A patient presents with recurrent episodes of epistaxis, gum bleeding, and easy bruising. Laboratory tests reveal prolonged bleeding time, normal platelet count, and normal PT and aPTT. Which of the following conditions is most likely to cause these findings?
- A. Von Willebrand disease
- B. Glanzmann thrombasthenia
- C. Hemophilia A
- D. Bernard-Soulier syndrome
Correct Answer: A
Rationale: The clinical presentation of recurrent episodes of epistaxis, gum bleeding, and easy bruising, along with laboratory findings of prolonged bleeding time, normal platelet count, and normal coagulation studies (PT and aPTT) are highly suggestive of Von Willebrand disease. Von Willebrand disease is the most common inherited bleeding disorder and is characterized by a deficiency or dysfunction of von Willebrand factor (vWF), which plays a key role in platelet adhesion and aggregation. The prolonged bleeding time is due to impaired platelet adhesion to the damaged vessel wall in the absence of functional vWF. Normal platelet count and normal PT/aPTT help differentiate Von Willebrand disease from other bleeding disorders such as hemophilia and platelet function disorders like Glanzmann thrombasthenia and Bernard-Soulier syndrome.
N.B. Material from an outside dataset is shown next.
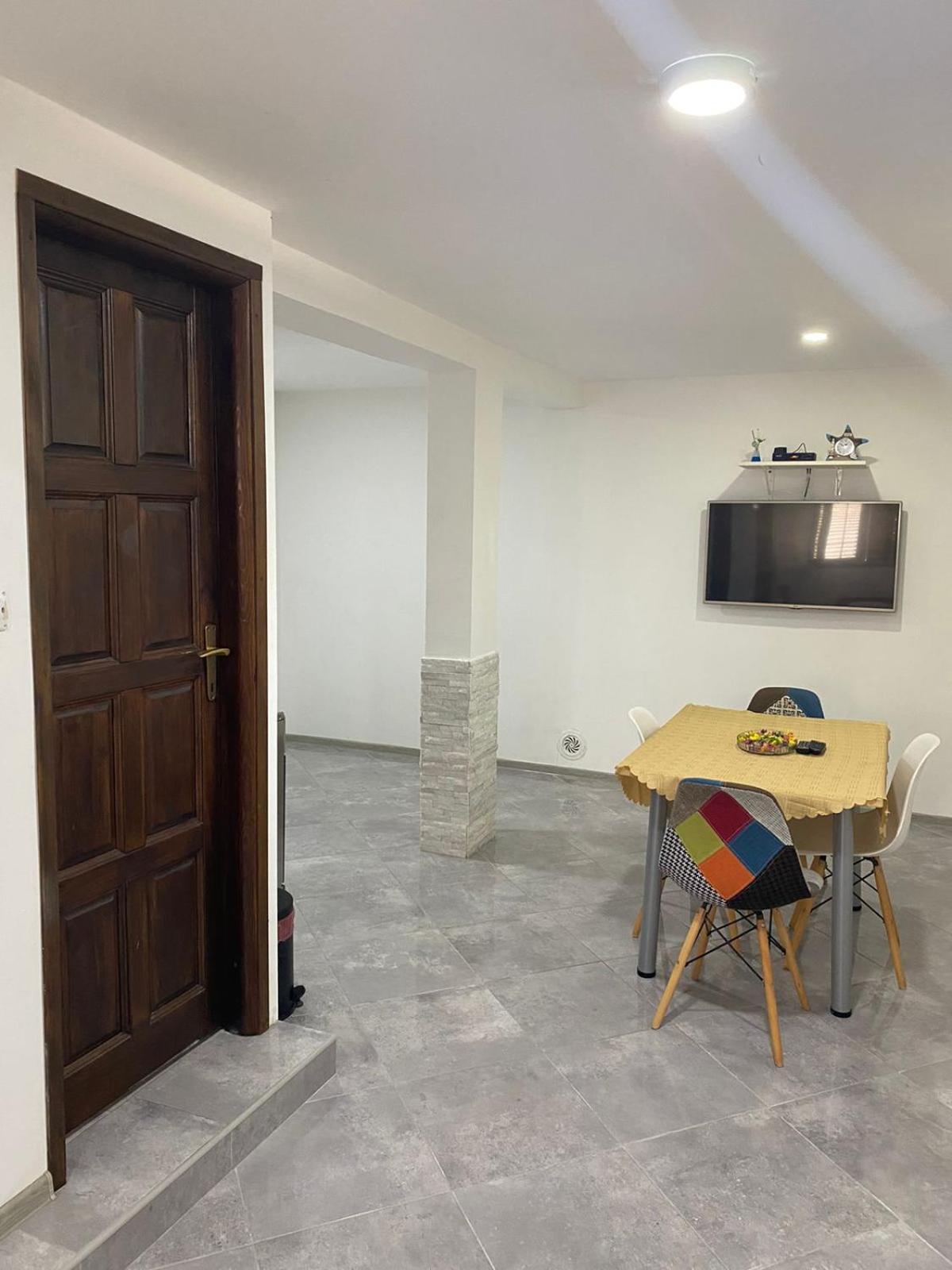 Milosavljevic Apartments Тиват Экстерьер фото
Nurses may be privy to very personal information of patients and should make every effort to make it confidential, otherwise she can be charged of ______.
- A. negligence
- B. invasion of privacy
- C. malpractice
- D. defamation
Correct Answer: B
Rationale: Nurses are bound by strict confidentiality and privacy regulations in their profession. If a nurse fails to keep a patient's personal information confidential and discloses it without authorization, they can be charged with invasion of privacy. Invasion of privacy is the wrongful intrusion into a person's private affairs without their consent, and it is a serious violation of ethical and legal standards in healthcare. Nurses must always prioritize patient confidentiality to maintain trust and uphold ethical standards in their practice.
Her diagnosis of obsessive-compulsive disorder constantly does repetitive cleaning. The nurse knows that this behavior is probably MOST basically, an attempt to _______.
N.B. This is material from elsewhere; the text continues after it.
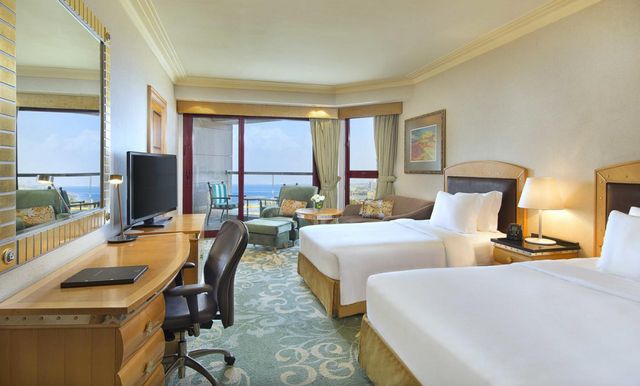 قد تُناسبك الإقامة في فنادق جدة إن كنت تبحث عن فندق يمنحك إطلالة خلابة وخدمات راقية وأسعار مُناسبة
- A. Decrease the anxiety to a tolerable level
- B. Focus attention on non-threatening tasks
- C. Control others
- D. Decrease time available for interaction with people
Correct Answer: A
Rationale: The behavior of repetitive cleaning in someone diagnosed with obsessive-compulsive disorder is likely an attempt to decrease the anxiety to a tolerable level. People with OCD often engage in compulsive behaviors, such as cleaning, in an effort to alleviate the distress and anxiety caused by obsessive thoughts. This repetitive action provides a sense of control and temporary relief from the anxiety associated with their obsessive thoughts. By engaging in cleaning rituals, individuals with OCD can try to reduce their anxious feelings and create a sense of order and cleanliness in their environment.